As part of a migration, we've got a bucket with 618,644 objects in it. However, drush s3fs-refresh-cache kept getting killed. The root cause was folder handling; there were OOM issues with the monolithic array, then the INSERT query tried to do everything at once.
The resolution was to create a separate, unindexed table to store folders and allow duplicate entries, and writing to the folder table right after the file entries.
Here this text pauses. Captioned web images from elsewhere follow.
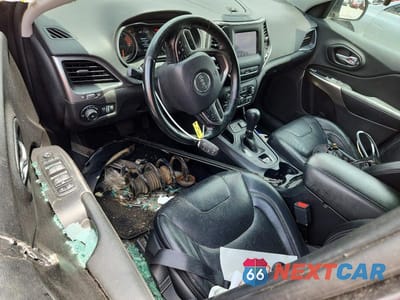 Zdjęcie 8 z 14 samochodu: 2021 JEEP CHEROKEE LATITUDE LUX VIN:1C4PJLMX8MD119885 - miniatura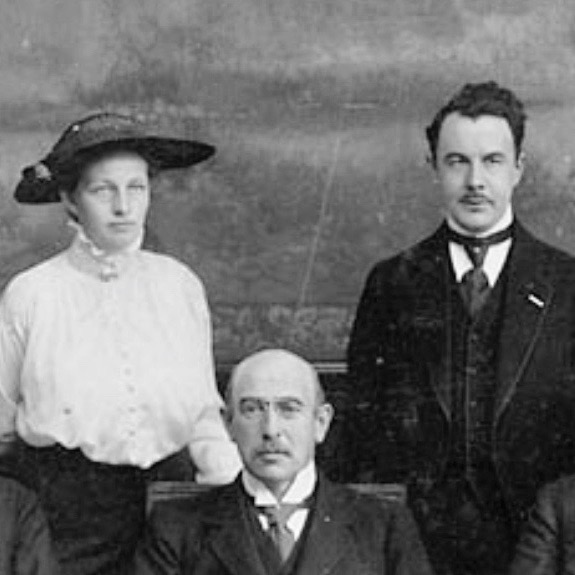 ‘Abdu’l-Baha’s Tablet to The Hague was addressed to the Executive Committee of the Central Organization for a Durable Peace, which, according to research on the website bahaigeschiedenis.nl, consisted of (from left) Clasien Kluyver, Henri Dresselhuys, and Henri van der Mandere. (Credit: bahaigeschiedenis.nl)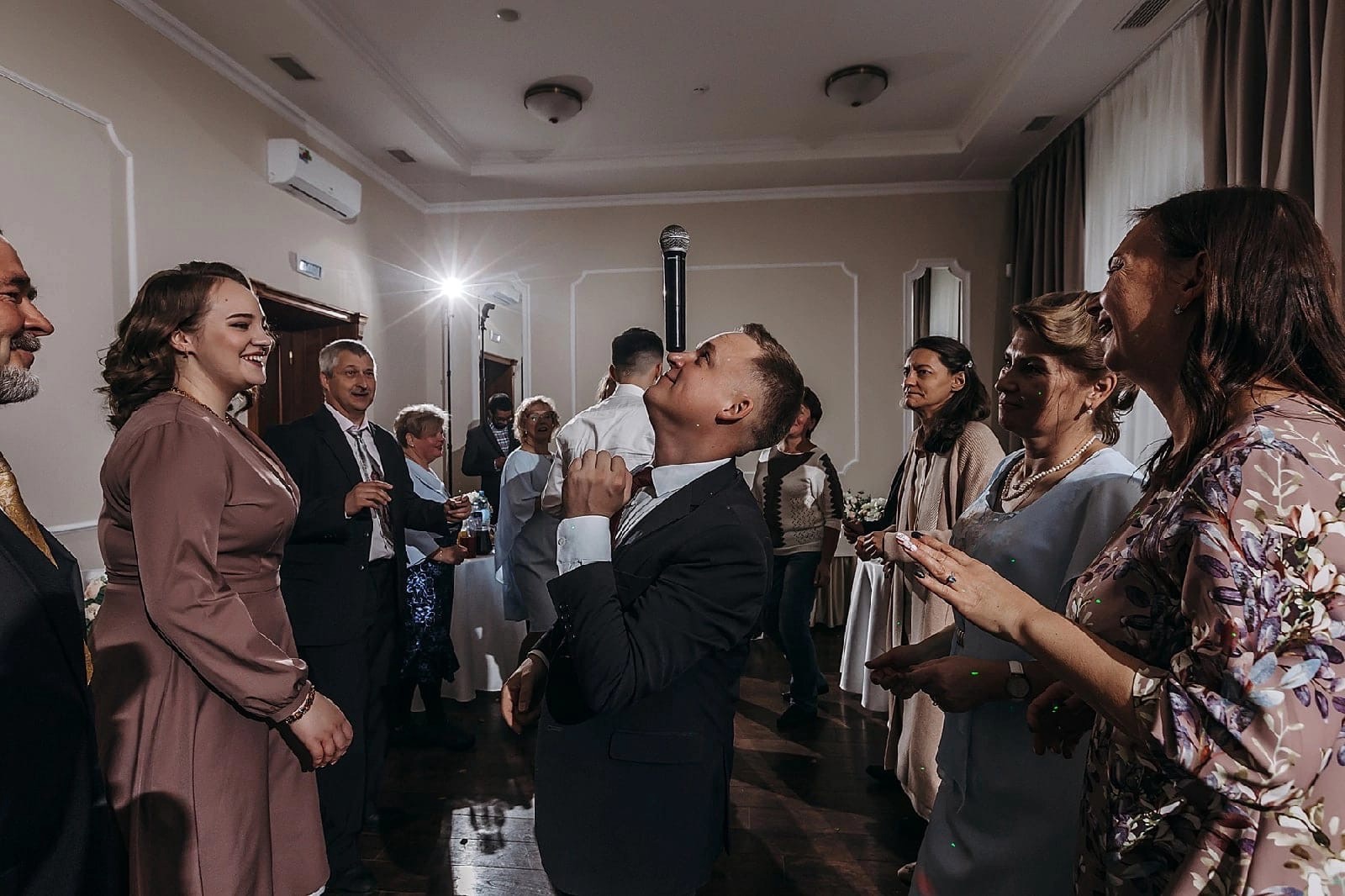 Ведущие Олег Яковлев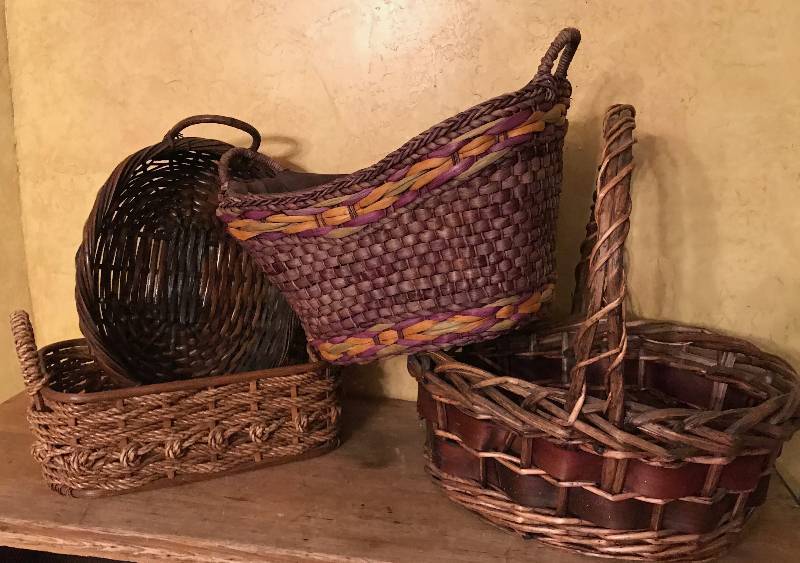 lot 116 image: Set of Baskets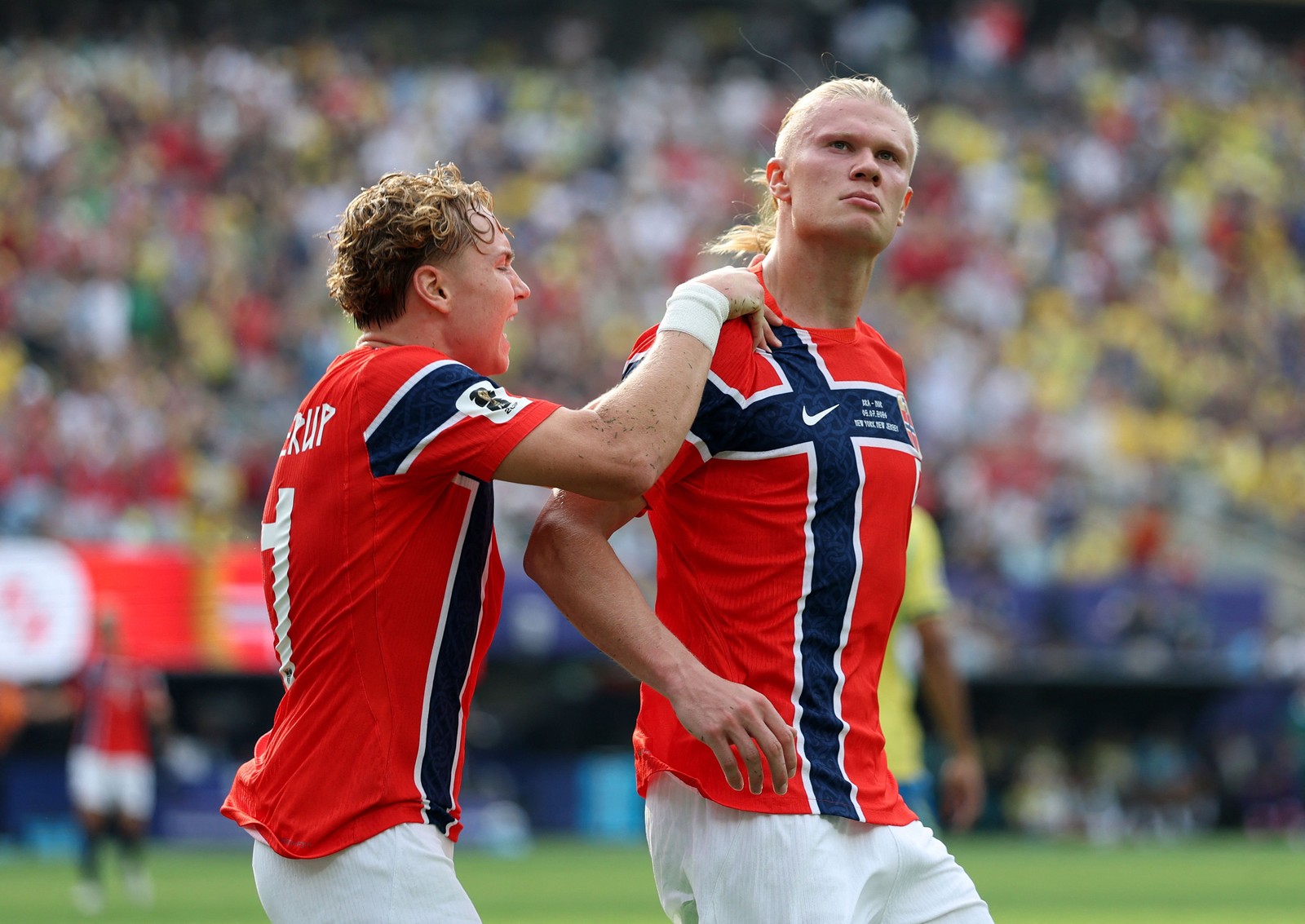Haaland comemora o primeiro gol marcado na partida — Foto: Getty Images via AFP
At the end, I used GROUP BY to eliminate duplicates and inserted the result back into the file table, then dropped the folder table.
I've also added instrumentation, debugging and messaging to s3fs-refresh-cache; if you use drush s3fs-refresh-cache --debug you'll get running updates about what operations are taking place and the memory usage.
| Comment | File | Size | Author |
|---|---|---|---|
| #1 | s3fs-refresh_scaling-2464031-2-D7.patch | 15.85 KB | fluxsauce |
Comments
Comment #1
fluxsauce commentedComment #2
coredumperror commentedAt a glance, this looks awesome. I haven't got time right now to review your patch, though. I'll get to it as soon as I have a few free hours at work.
Comment #3
Anonymous (not verified) commentedI can confirm this helped me out on a bucket with > 500,000 items
Comment #5
coredumperror commentedSorry this languished in the issue queue for so long. I've now applied your patch, and pushed it up to git. And I'd say it's about time for a new recommended release, so I'm going to do that as well.
Comment #7
jacob.embree commentedA child issue can be created to get this into 7.x-3.x. It cannot be cherry-picked.
Comment #8
ram4nd commentedLooks like this has been committed already.